Sunday, June 25, 2006

THE RAPIDLY DISSAPPEARING ICE CAP

The Greenland ice sheet — two miles thick and broad enough to blanket an area the size of Mexico — shapes the world's weather, matched in influence by only Antarctica in the Southern Hemisphere. It glows like milky mother-of-pearl. The sheen of ice blends with drifts of cloud as if snowbanks are taking flight.

In its heartland, snow that fell a quarter of a million years ago is still preserved. Temperatures dip as low as 86 degrees below zero. Ground winds can top 200 mph. Along the ice edge, meltwater rivers thread into fraying brown ropes of glacial outwash, where migrating herds of caribou and musk ox graze. The ice is so massive that its weight presses the bedrock of Greenland below sea level, so all-concealing that not until recently did scientists discover that Greenland actually might be three islands.

Should all of the ice sheet ever thaw, the meltwater could raise sea level 21 feet and swamp the world's coastal cities, home to a billion people. It would cause higher tides, generate more powerful storm surges and, by altering ocean currents, drastically disrupt the global climate. Climate experts have started to worry that the ice cap is disappearing in ways that computer models had not predicted.
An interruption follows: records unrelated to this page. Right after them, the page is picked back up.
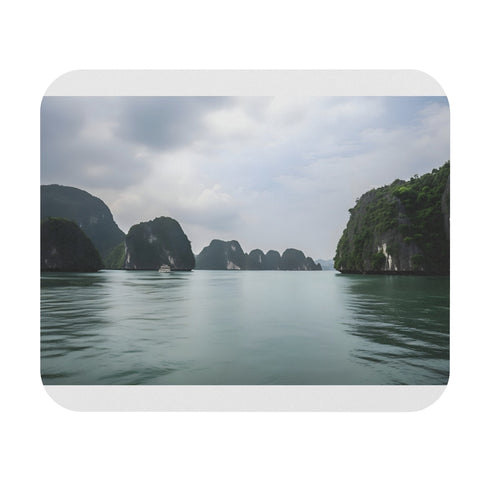 Halong Bay Wonderland Mouse Pad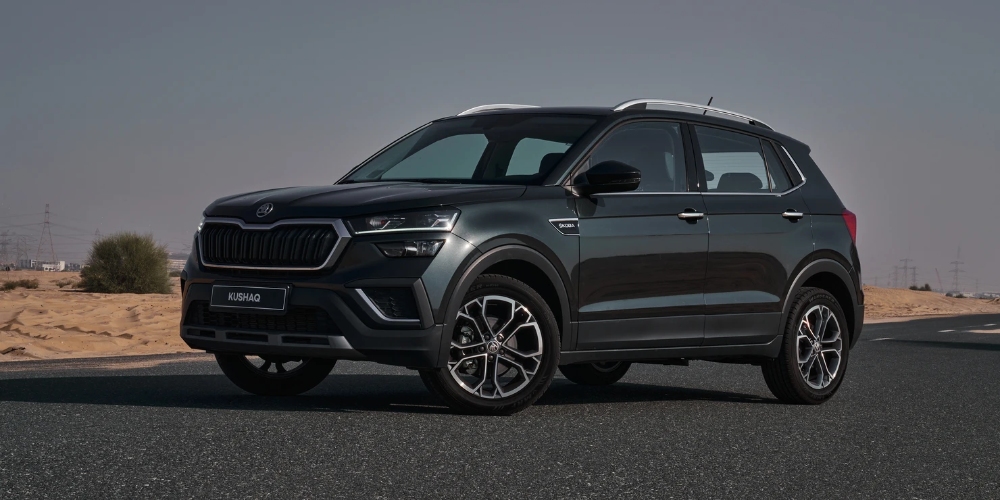 سكودا كوشاك 2025 10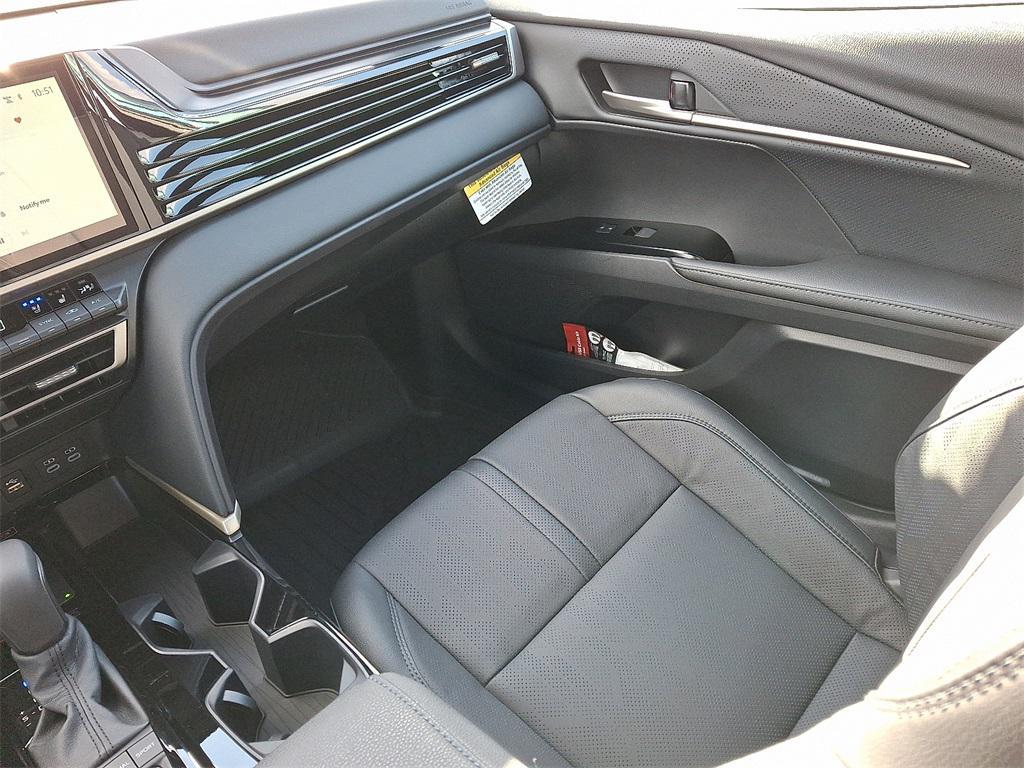 new 2026 Toyota Camry car, priced at $42,853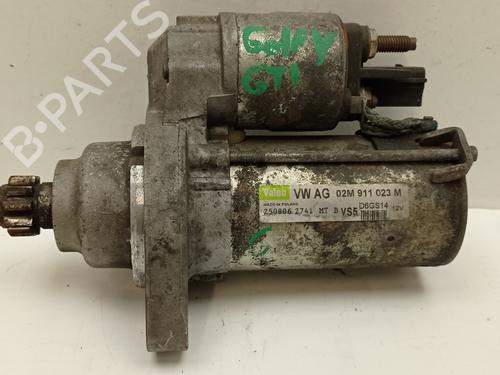 Anlasser für VW GOLF V (1K1) 2.0 GTI (200 hp) 11179012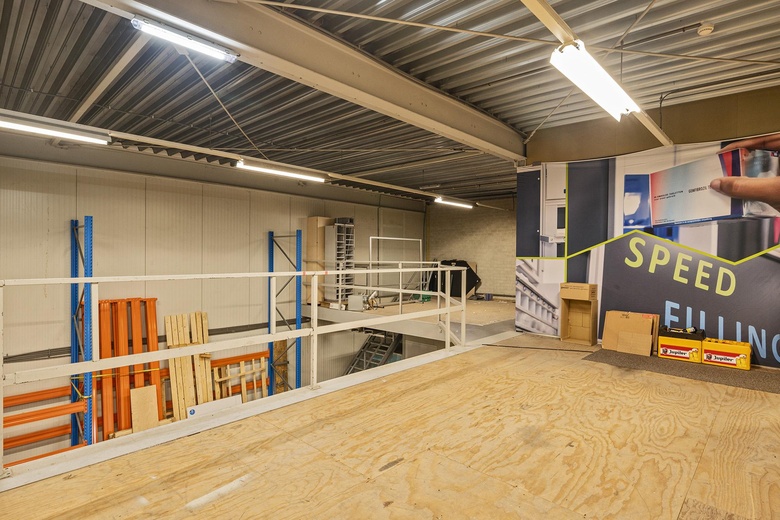 BedrijfsruimteaanRijthoek 11<br/> inHaaften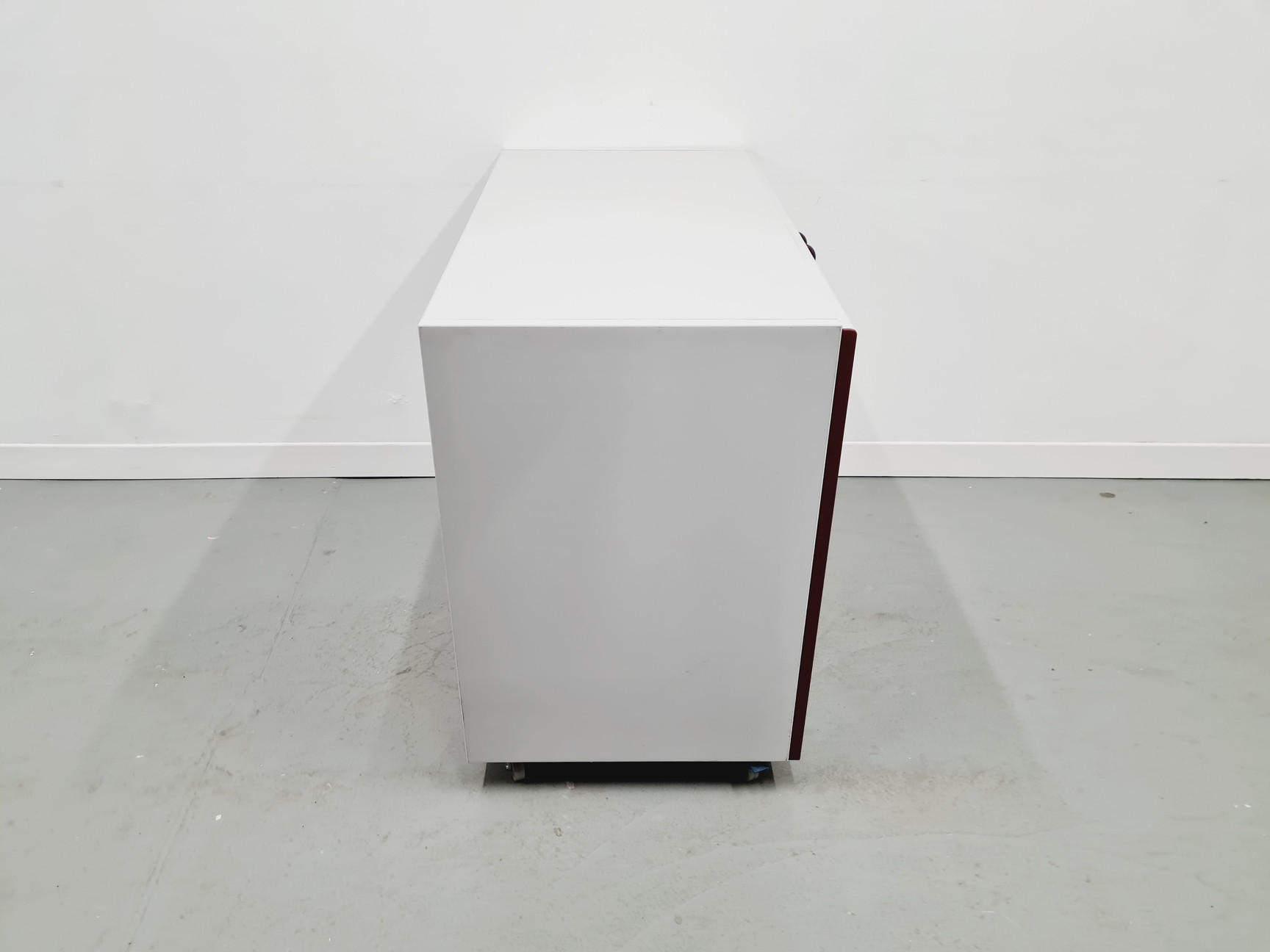 Image of Set of 5 S+B Under Bench Laboratory Storage 2 Doored Cupboards Lab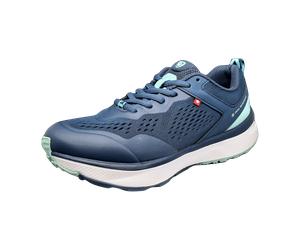 Joya Damen Schnürschuhe für Damen, blau, Größe 37 ⅔ EU / 4,5 UK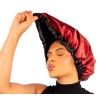 GORRO DE SATÉN PREMIUM - BORGOÑA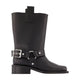 Ganni Mid-Calf Boots -  - Synthetic - Black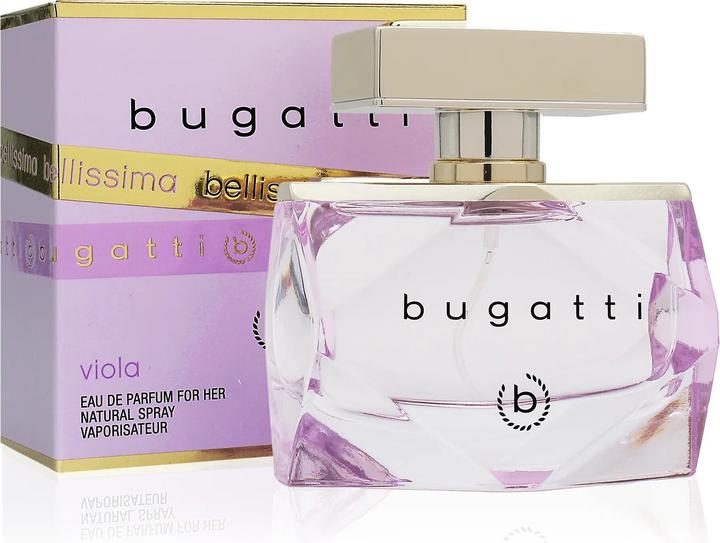 Immagine prodotto Bugatti Bellissima Viola For Her Eau de Parfum (Eau de parfum, 60 ml)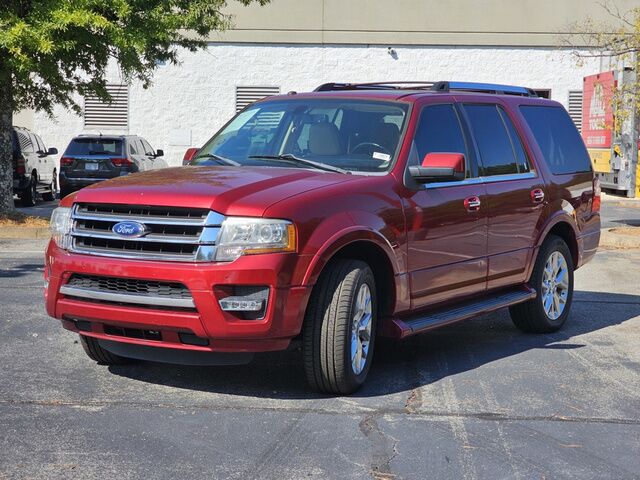 2017 Ford Expedition LIMITED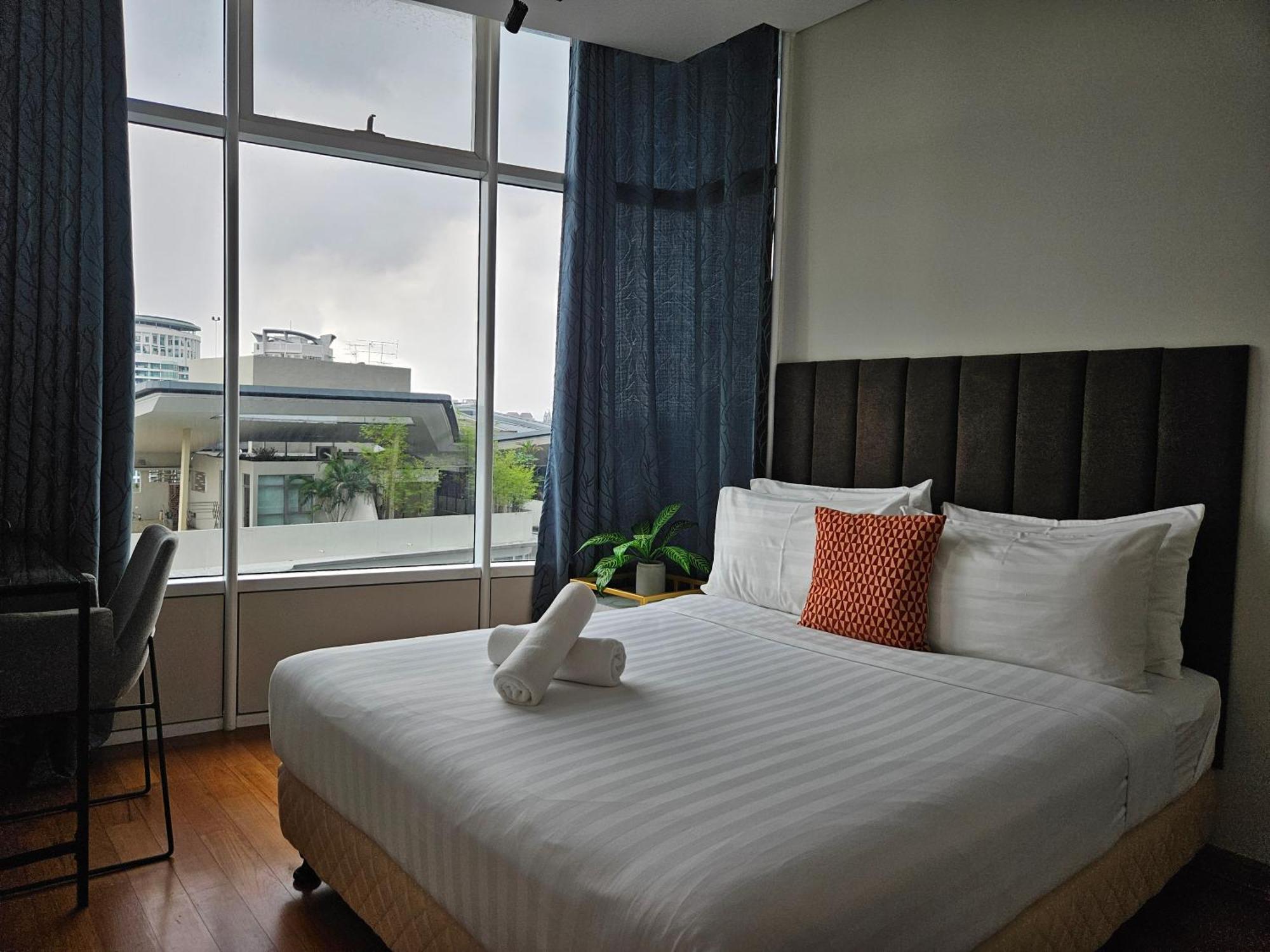 Sky Suites Klcc By Asiapex Kuala Lumpur Extérieur photo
By all accounts, the glaciers of Greenland are melting twice as fast as they were five years ago, even as the ice sheets of Antarctica — the world's largest reservoir of fresh water — also are shrinking, researchers at NASA's Jet Propulsion Laboratory and the University of Kansas reported in February.

1 comment:

Richard said...

Arthur, it's useful to note that polar ice caps are melting on Mars too, and that the part humanity plays in global warming is largely unresolved. A June 26 article in The Wall St. Journal online (WSJ.com), There Is No 'Consensus' On Global Warming, by Richard S. Lindzen, Alfred P. Sloan Professor of Atmospheric Science at MIT, offers balance.